Committed to understanding and exploring political viewpoints on all sides of the spectrum, Tufts Republicans is devoting the semester to reelecting this true independent. The group is under new management and has just begun to pick up some momentum by turning their passions for Senator Brown’s reelection into action in his campaign.
Tufts Republicans kicked off the year by passing out Scott Brown water bottles to everyone who signed up for the club at the activities fair. The group then held a meeting with Ross Hemminger, the Youth Coordinator and Deputy Coalitions Coordinator for the Scott Brown campaign, in which they gained valuable insights into the role students play during elections. Ellie Monroe, treasurer of the Tufts Republicans, used the meeting with Ross to better understand how funds are used to facilitate the grassroots organizational aspects of the campaign.
In September, the group made a trip down Route 3 to Lowell for the second of Senator Brown’s debates against his opponent Elizabeth Warren, a liberal Harvard law professor. Fifteen members of the club sported Scott Brown t-shirts and participated in politically charged standout before attending the debate amongst a crowd in the thousands.
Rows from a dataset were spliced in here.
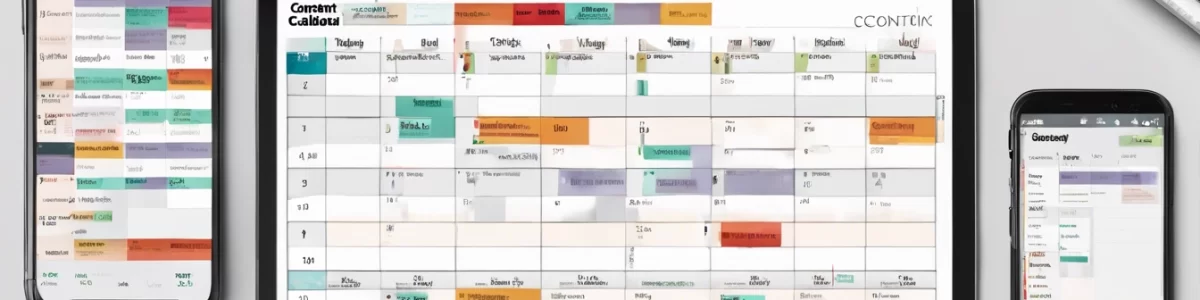 3 devices with full calendars open on their screens.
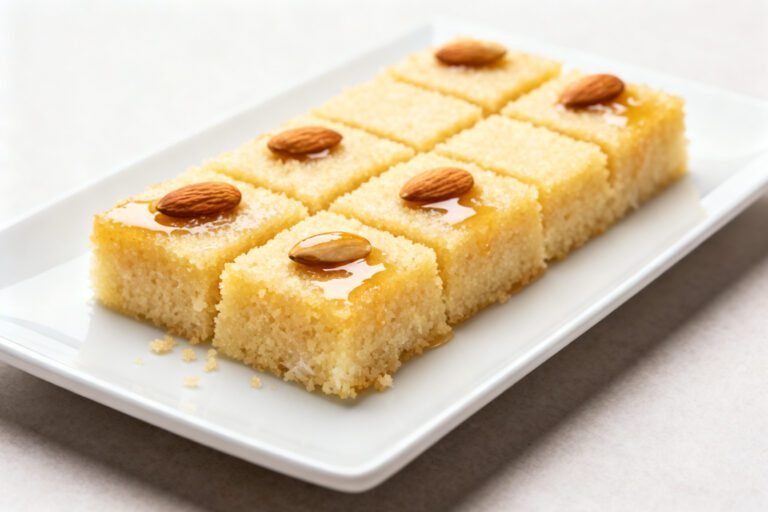 Coconut Semolina Cake Recipe | Easy Basbousa Dessert with Coconut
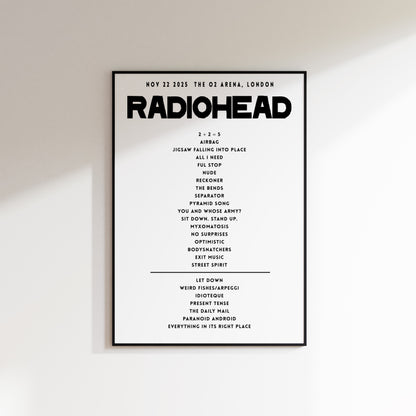 Radiohead Setlist - November 22nd 2025  The O2 Arena, London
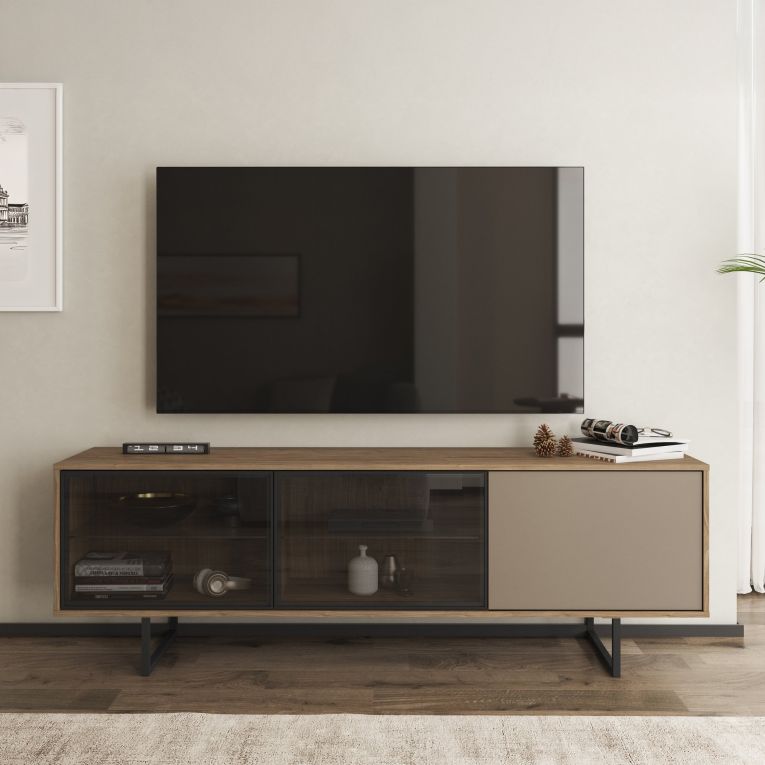 Mobile Porta tv Marrone Noce Beige 3 Ripiani 3 Ante 185x40x60h cm, Anta e Ripiani Dettaglio Vetro - Serrata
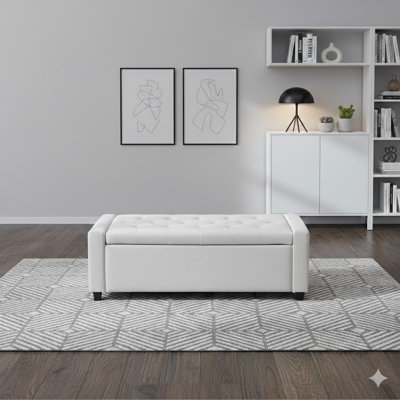H & M 48" Storage Bedroom Bench For End Of Bed, Faux Linen Upholstered Storage Ottoman With Arms For Bedroom,Living Room, Entryway, Beige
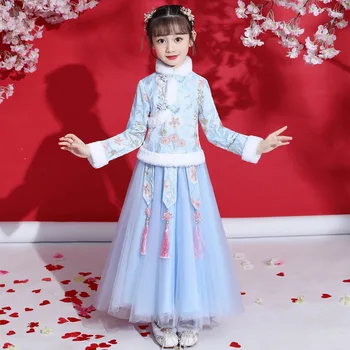 Детски китайски Прекрасен древен Hanfu, детски костюми за снимки от памук, вечерна рокля с бродерия за момичета, костюм Тан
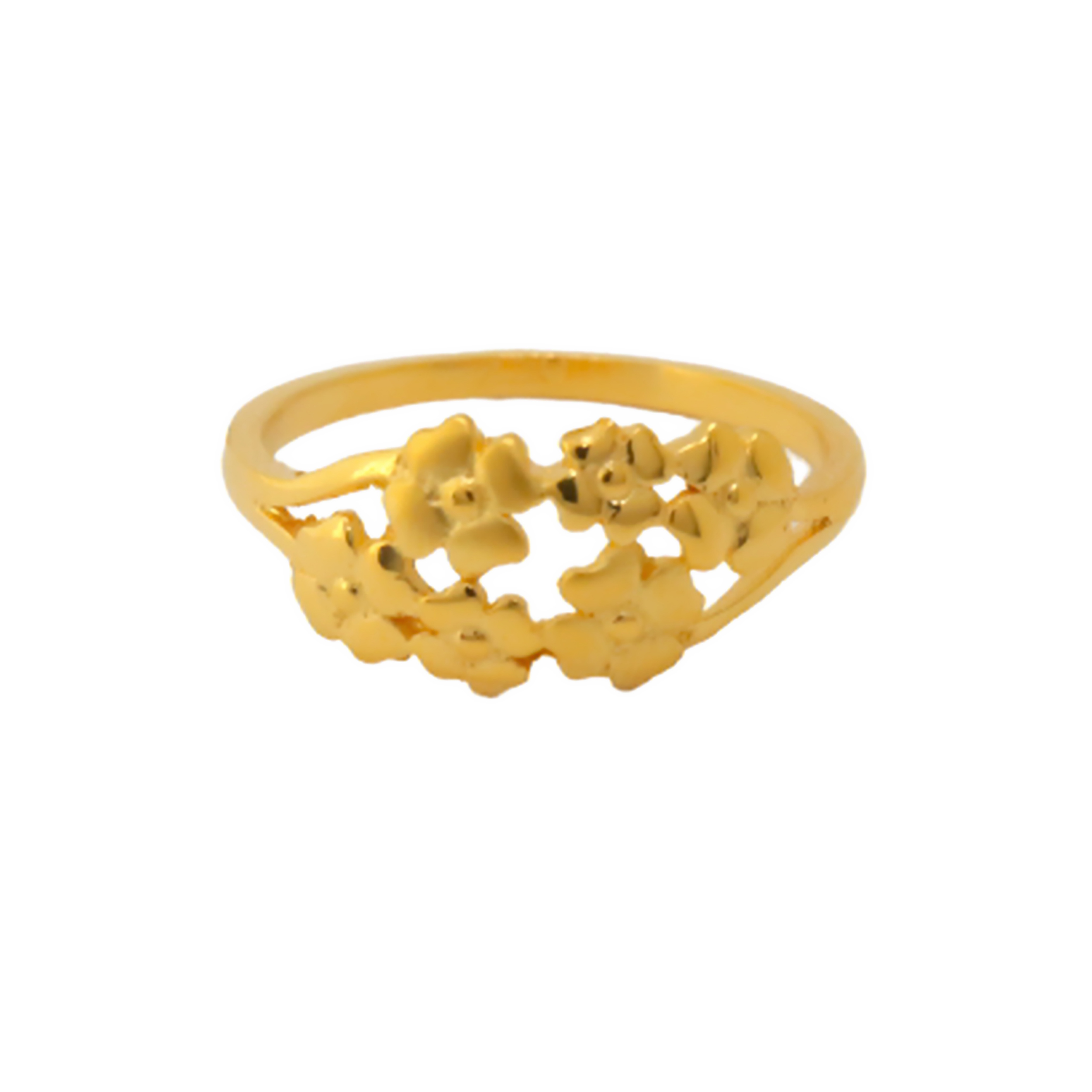 22k Gold Plain Floral Charm Ring - Image 2
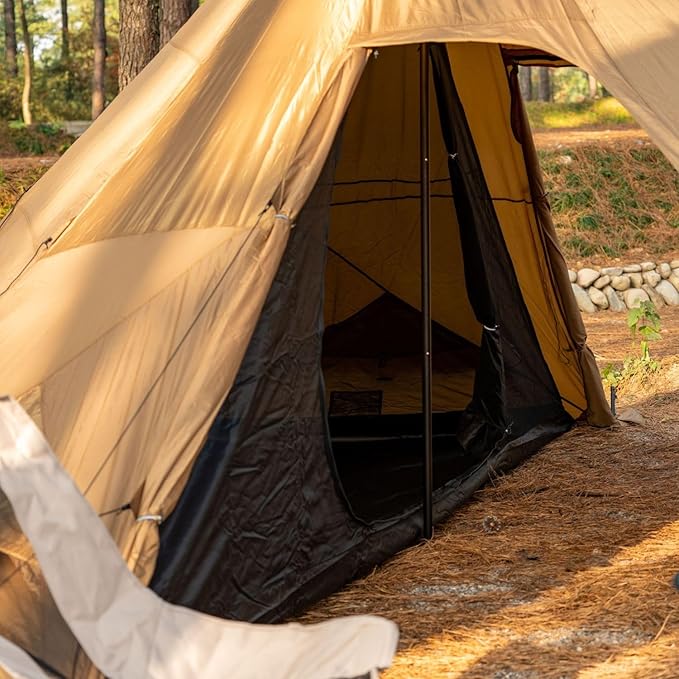 Hot Tent with Stove Jack Onefires Large Teepee Tent for Outdoor Family Camping 4-8 Person | with Stove Jack, Large, for Family Camping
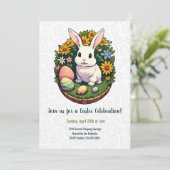 Invitation Illustration classique du lapin de Pâques. Joyeux (Debout devant)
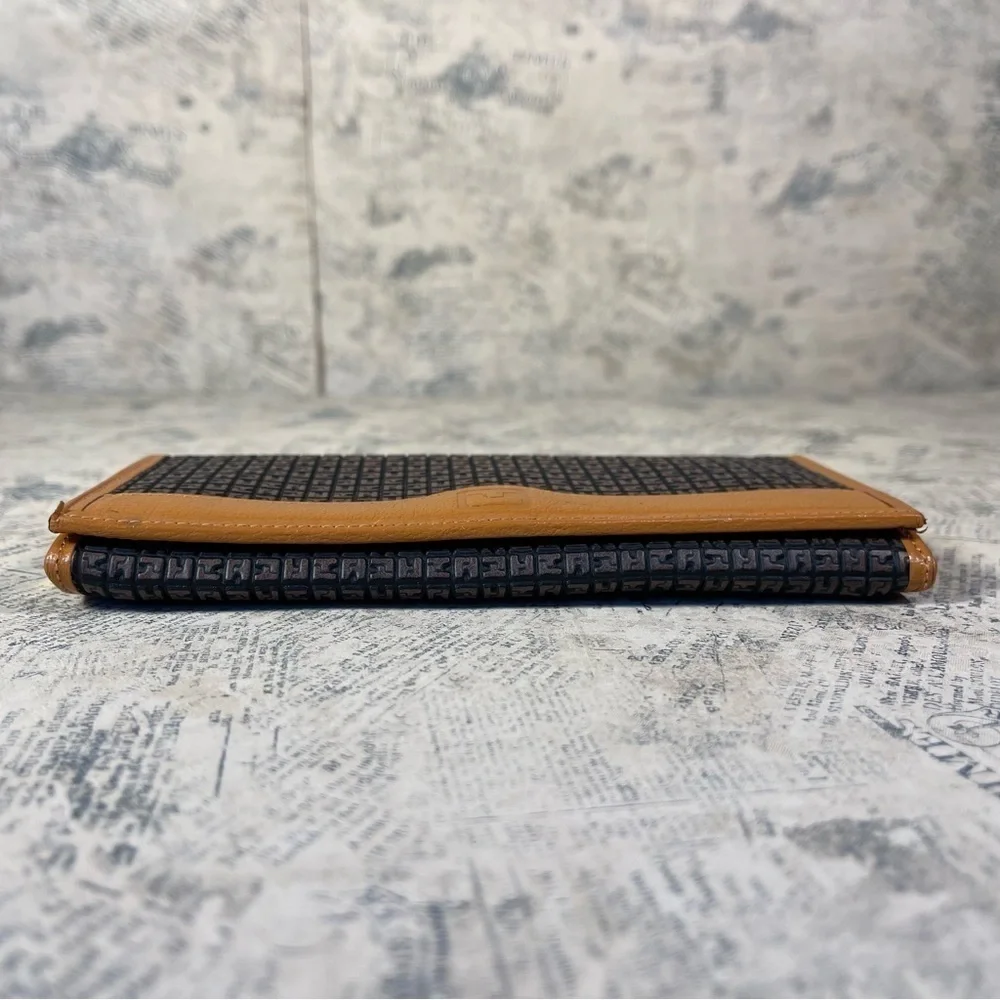 Vintage Ted Lapidus Paris Monogram Leather Wallet Tan Brown Bifold France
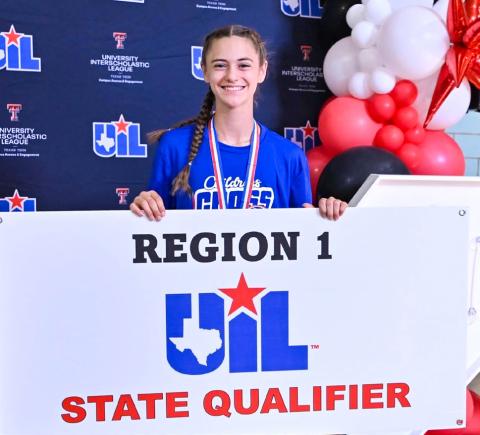 Childress’ Selah Smith punches her ticket to the upcoming state cross country championships, clocking a school-record time of 12:27.10 at the UIL Region 1 Cross Country Championships Monday, Oct. 20 at Mae Simmons Park in Lubbock. Courtesy Photo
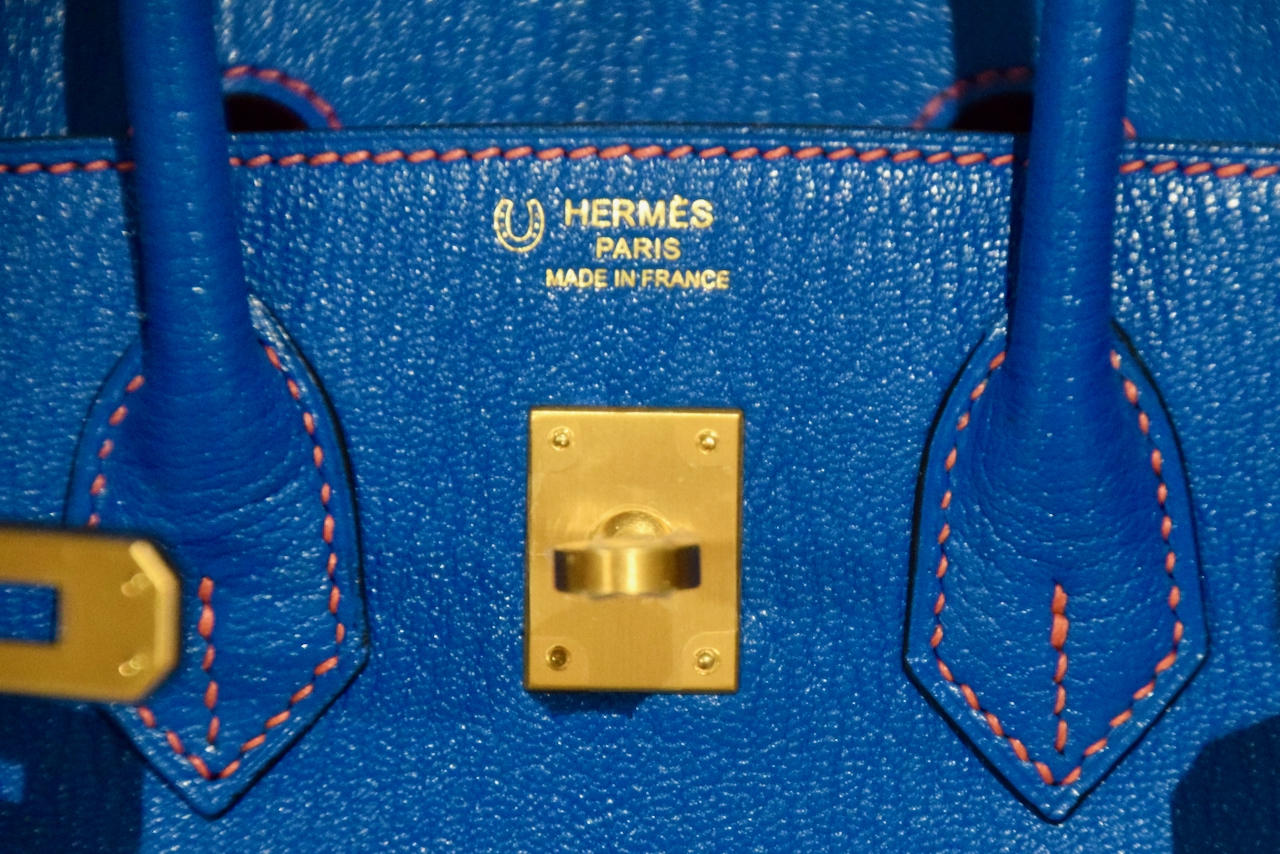 HERMES Birkin 25 Bleu Hydra Swift Gold Hardware D Stamp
Marshall Hochhauser, a junior, remarked, “I’m from New York and had no idea that Massachusetts politics were so intense. It was a ton of fun to attend the debate and get a feel for everything going on in the state.” Freshman Danielle Feerst summarized the views of all who attended by saying that she was “just excited to be a part of the political process!”
On Wednesday nights, the Tufts Republicans attend College Night at the Campaign. The group meets at the Campus Center and drives to campaign headquarters in South Boston, where they get to experience first hand the nation’s most-watched Senate race. While at headquarters, members meet with various staffers and learn about their roles in the campaign. They also get the opportunity to make phone calls on behalf of the Senator, asking for votes and gathering voter information for the data team to analyze.
For the last two weeks before the campaign, Tufts Republicans will follow up its Wednesday nights with a trip to JP Licks for (free) ice cream. It’s these last few days of the campaign that will be the most crucial to Senator Brown’s reelection and Tufts Republicans will stop at nothing to ensure that it happens.